# Dairy Woes



## Vol (Jul 5, 2009)

Image....is everything with the milennials.

Regards, Mike

http://www.agweb.com/article/dairy-talk-yes-folks-we-have-a-crisis-NAA-jim-dickrell/


----------



## deadmoose (Oct 30, 2011)

You also can't fix stupid. Eventually some will reach the age of reason. Probably not. Did any old hippies ever?


----------



## IH 1586 (Oct 16, 2014)

And it's only going to get worse with their stupid shows bending the truths.


----------



## PaMike (Dec 7, 2013)

Of couse if they dont like the food WE raise they can just go eat nothing...

The American youngster is a sad breed. A guy I used to work with call it the "Pusification of America".


----------



## deadmoose (Oct 30, 2011)

In all fairness it is really their parents fault.

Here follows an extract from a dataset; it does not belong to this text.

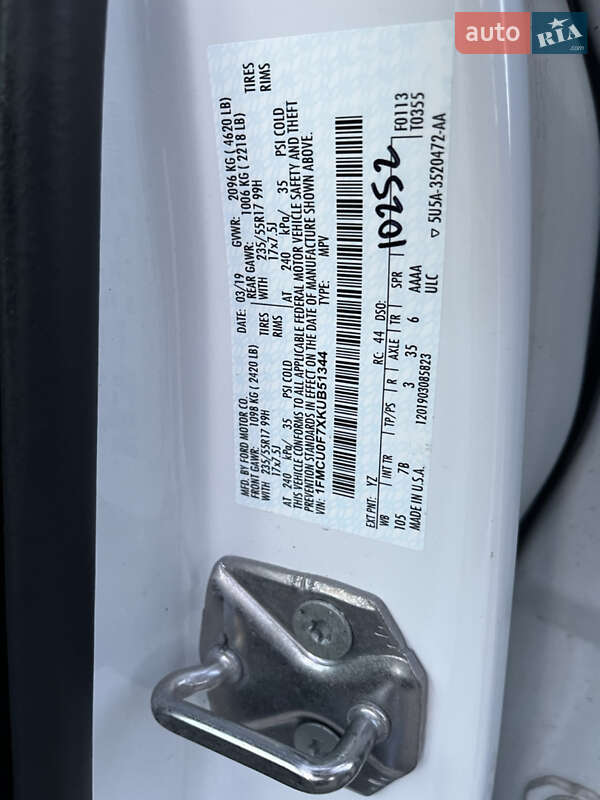 Внедорожник / Кроссовер Ford Escape 2019 в Шепетовке фото 20 Внедорожник / Кроссовер Ford Escape 2019 в Шепетовке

It all started when no one won the game and EVERYONE got a trophy.

As always happens it only inspires slackers to slack more and demotivates everyone else.


----------



## IH 1586 (Oct 16, 2014)

If somebody walked into the barn at the wrong time they would think I abused animals. Sometimes they just piss you off. You can't take snippets from here and there and put it all together and say this is how it's done. Sometimes what may look like abuse is nothing more than moving animals from one end of the barn to the other. Just because you have a stick in your hand does not mean your going to use it.


----------



## Bgriffin856 (Nov 13, 2013)

Thats what happens when your sheltered and learn everything off the net. People think with their heart way too much nowadays rather than their brain.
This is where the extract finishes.